‘Sleep’, as easy going as it may sound, is as essential for our body’s well being, as is water and food. As is popularly thought to be, sleep is not a dormant, inert part of our everyday lives. On the contrary, the effects of sleep deprivation can be far more devastating than envisaged. There are two types of this deprivation: chronic sleep deprivation (long term insomnia) and acute sleep deprivation (short term insomnia). In this article, we look at the many possible health-related and other negative effects of chronic sleep deprivation.
Why is sleep important?
While our body is said to be ‘sleeping’, our brain is very much awake and active during the process. It is also said that our body is being ‘repaired’ during sleep and that is why it forms an essential part of our routine.
Sleep truly also helps in enhancing one’s beauty as the entire repair process of cells is done during deep sleep. Not only beauty, effects of sleep deprivation is also seen in reduced control of emotions, social interactions and decision making process apart from impaired learning and reduced memory.
How much sleep do you need?
There are many factors on which the amount of sleep every individual needs depends.
One of the factors is age. While infants need about 16 hours of sleep every day and young adults about 9 hours, most average adults need about 7 to 8 hours of daily restful sleep. There are some people who claim to want as little as 5 hours and as much as 10 hours of sleep each day as well.
Getting too little sleep or too much sleep is also an indication of a sleep disorder and should be talked about with an expert and be treated as soon as possible.
Negative effects of chronic sleep deprivation
With the kind of busy lives we lead, burning the candle at both ends, it is really no wonder that so many us are sleep deprived. Effects of sleep deprivation, according to research, are dangerous. It is worse than even intoxication, magnifying the effects of alcohol on one’s body. No amount of caffeine or any other stimulant can triumph over the effects of sleep deprivation in an individual.
There are as many as 70 types of sleep disorders but the most common are Insomnia, Restless Leg Syndrome, Sleep Apnea and Narcolepsy. Effects of sleep deprivation are lifelong and if not diagnosed and treated on time may cause severe lapses in a person’s everyday life; affecting his work, social and interpersonal relationships and mental and physical well being.

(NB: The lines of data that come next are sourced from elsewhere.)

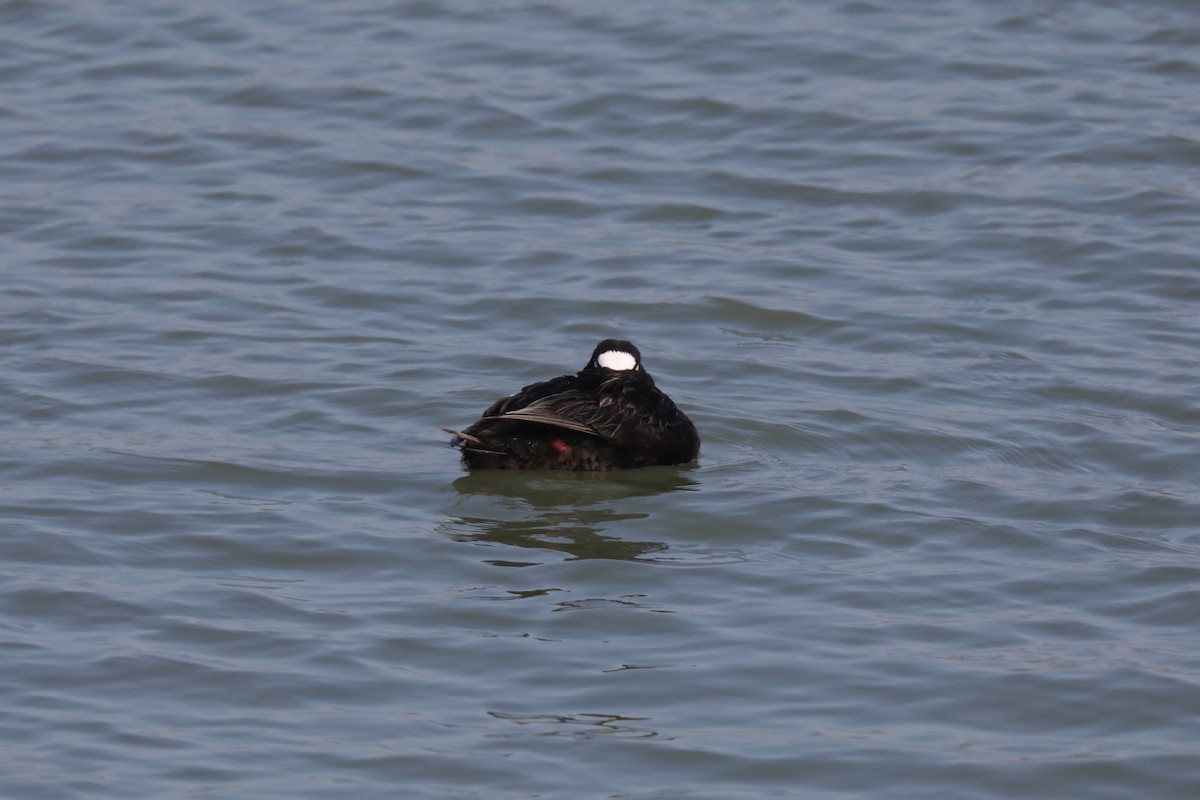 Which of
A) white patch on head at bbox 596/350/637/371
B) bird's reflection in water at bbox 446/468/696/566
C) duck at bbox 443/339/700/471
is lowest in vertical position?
bird's reflection in water at bbox 446/468/696/566

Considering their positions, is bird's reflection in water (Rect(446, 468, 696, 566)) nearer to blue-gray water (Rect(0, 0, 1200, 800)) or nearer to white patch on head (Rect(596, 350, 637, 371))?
blue-gray water (Rect(0, 0, 1200, 800))

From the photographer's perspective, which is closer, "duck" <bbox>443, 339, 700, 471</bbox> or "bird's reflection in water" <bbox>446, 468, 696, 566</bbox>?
"bird's reflection in water" <bbox>446, 468, 696, 566</bbox>

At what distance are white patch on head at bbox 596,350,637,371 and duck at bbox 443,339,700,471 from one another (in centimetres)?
6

Sleep deprivation impacts on our look and feel
The first noticeable thing about not getting enough sleep may be the proverbial dark circles under the eyes, puffy or bloodshot eyes.

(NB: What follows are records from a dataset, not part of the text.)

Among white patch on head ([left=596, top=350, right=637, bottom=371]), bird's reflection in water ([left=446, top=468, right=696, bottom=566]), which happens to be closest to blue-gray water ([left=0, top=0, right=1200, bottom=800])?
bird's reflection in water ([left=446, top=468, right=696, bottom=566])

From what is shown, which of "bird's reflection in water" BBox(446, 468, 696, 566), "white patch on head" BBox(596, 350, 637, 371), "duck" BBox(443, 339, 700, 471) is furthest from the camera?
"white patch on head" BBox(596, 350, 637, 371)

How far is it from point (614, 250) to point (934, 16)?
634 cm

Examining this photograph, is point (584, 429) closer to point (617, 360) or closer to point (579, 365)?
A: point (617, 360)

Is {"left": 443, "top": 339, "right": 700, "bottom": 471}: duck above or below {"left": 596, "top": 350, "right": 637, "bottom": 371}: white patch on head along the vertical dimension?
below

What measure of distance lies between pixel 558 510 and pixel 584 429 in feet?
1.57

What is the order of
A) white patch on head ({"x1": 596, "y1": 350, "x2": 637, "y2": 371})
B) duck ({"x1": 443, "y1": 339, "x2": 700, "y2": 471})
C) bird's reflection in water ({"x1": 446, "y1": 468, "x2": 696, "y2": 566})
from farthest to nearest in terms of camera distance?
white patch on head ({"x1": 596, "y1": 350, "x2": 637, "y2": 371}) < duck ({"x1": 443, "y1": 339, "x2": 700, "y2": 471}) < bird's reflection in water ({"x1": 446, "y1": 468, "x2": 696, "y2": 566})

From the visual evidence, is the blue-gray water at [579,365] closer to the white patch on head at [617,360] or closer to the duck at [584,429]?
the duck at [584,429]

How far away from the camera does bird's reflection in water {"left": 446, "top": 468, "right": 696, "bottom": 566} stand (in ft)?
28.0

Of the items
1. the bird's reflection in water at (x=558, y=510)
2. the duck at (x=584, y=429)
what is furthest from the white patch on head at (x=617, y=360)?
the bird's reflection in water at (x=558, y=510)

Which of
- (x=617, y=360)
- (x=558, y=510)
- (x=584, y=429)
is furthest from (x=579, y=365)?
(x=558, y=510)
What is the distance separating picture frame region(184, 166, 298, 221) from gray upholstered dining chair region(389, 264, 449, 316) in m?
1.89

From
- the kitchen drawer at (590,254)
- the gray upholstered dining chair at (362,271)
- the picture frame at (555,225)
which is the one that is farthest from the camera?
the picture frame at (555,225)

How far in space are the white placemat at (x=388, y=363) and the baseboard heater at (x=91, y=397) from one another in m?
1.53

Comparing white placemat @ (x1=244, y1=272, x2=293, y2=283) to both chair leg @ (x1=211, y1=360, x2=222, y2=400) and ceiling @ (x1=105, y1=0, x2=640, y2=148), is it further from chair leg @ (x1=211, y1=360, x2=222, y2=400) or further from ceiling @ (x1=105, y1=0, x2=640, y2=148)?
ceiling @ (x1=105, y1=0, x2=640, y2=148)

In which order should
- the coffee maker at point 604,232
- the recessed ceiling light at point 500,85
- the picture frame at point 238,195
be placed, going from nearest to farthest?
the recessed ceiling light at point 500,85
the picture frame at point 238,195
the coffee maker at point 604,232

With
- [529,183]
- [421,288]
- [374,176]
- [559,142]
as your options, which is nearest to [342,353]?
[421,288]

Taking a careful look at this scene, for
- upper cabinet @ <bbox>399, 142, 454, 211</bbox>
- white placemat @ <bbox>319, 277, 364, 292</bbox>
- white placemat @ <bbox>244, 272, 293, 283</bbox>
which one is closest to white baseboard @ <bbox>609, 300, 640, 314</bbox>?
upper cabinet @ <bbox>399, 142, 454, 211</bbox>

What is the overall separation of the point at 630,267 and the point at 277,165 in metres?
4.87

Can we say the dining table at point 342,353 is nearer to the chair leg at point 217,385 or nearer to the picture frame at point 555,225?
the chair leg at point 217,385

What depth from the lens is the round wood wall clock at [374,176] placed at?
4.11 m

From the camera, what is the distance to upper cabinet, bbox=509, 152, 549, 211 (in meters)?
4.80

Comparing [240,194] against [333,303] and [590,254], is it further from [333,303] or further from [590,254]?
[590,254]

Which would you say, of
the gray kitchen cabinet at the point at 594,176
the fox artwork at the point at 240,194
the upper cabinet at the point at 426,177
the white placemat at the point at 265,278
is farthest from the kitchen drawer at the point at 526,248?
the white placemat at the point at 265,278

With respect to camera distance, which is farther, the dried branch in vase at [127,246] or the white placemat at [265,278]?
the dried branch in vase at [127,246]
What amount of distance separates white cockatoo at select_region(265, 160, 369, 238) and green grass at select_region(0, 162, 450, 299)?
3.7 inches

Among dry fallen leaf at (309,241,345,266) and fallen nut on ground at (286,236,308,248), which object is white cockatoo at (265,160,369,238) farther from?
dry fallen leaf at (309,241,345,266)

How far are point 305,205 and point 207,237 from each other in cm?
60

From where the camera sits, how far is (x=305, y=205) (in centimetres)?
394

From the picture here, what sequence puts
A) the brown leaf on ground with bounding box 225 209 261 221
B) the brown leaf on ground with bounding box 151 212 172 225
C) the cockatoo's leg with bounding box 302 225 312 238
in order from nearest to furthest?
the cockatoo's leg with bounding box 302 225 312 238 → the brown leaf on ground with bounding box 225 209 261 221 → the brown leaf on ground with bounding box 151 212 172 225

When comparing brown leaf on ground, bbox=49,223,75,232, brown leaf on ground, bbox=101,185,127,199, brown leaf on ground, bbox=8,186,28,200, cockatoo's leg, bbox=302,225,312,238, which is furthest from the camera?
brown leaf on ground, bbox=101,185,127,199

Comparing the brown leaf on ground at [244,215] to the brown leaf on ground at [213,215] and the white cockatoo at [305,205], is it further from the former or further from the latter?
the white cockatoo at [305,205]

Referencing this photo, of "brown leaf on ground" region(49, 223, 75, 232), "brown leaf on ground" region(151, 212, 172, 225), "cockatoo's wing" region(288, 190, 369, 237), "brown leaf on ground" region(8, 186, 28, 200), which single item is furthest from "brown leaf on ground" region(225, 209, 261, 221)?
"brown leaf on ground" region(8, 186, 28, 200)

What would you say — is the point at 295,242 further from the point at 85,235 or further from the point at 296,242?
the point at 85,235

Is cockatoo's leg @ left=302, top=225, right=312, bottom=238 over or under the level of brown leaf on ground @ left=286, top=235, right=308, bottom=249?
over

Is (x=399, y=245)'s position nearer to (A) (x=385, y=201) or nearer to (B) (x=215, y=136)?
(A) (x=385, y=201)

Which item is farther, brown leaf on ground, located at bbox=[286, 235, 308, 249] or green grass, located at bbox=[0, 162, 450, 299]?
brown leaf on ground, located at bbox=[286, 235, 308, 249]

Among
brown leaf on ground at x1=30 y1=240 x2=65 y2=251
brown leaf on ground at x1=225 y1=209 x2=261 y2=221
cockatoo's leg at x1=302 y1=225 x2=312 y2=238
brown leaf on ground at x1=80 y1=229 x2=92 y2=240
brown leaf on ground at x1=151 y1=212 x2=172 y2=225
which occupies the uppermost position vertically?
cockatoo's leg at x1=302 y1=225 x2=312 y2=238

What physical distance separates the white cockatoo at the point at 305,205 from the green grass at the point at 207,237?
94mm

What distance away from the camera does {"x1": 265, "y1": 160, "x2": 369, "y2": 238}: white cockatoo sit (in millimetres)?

The skin can tell the story of a person not getting enough sleep.
Hand tremors, muscle pain, headaches, feeling extra cold, irritable and experiencing daytime sleepiness are all the side effects of being sleep deprived.
How chronic sleep deprivation affects our health
In recent times, much research has been done on the subject of how lack of sleep impairs health and wellbeing. Lack of sleep can cause hormonal imbalance and consequently many other problems.
Sleep deprivation impairs immunity apart from affecting longevity. Lack of proper sleep can negatively impact healing and immune systems of the body because it is when the body is at rest that it can repair and renew itself. It has an extremely bad impact on our nervous system apart from impairing our memory and any physical performances. The release of growth hormones in young children is the result of a deep sleep and the lack of it means impaired growth.
Lack of sleep can also suppress the growth hormone which can be detrimental to children and adults as well.
Sleep deprivation causes asthma attacks, epileptic attacks, and digestive and heart problems apart from severe mental and emotional problems. Risk of heart disease, hypertension, diabetes, fibromyalgia and even depression rises due to lack of quality sleep. Those who are chronically short of sleep tend to put on weight. They are also more likely to be irritable and may also have lapses of memory and suffer confusion.
The risk of several kinds of mental illness is seen to rise due to inadequate quality rest. Studies have shown that mental illnesses such as bipolar disorder, psychosis and conditions such as seasonal affective disorder are more common among the chronically sleep deprived.
Sleep deprivation effects on work productivity and performance
You may be sleeping less so you can do more work, but this is actually counterproductive because sleep deprivation impacts productivity negatively.
Sleep deprivation is known to adversely affect cognitive function and the brain. Attention and concentration become problems and a person’s overall productivity reduces. Daytime sleepiness and memory lapses add to the problem and further lower productivity.
Among children, sleep deprivation can mean more frequent temper tantrums, poor academic performance and difficultly learning and retaining material.
Sleep deprivation affects relationships
Chronic sleep deprivation can impact a partner’s sleep negatively leading to conflict, moodiness, separate bedrooms and a lack of intimacy, thereby lowering the overall quality of life.
Severe sleep deprivation may also lead to a psychotic paranoia state, hyperactivity and agitation and hallucinations in otherwise seemingly healthy individuals.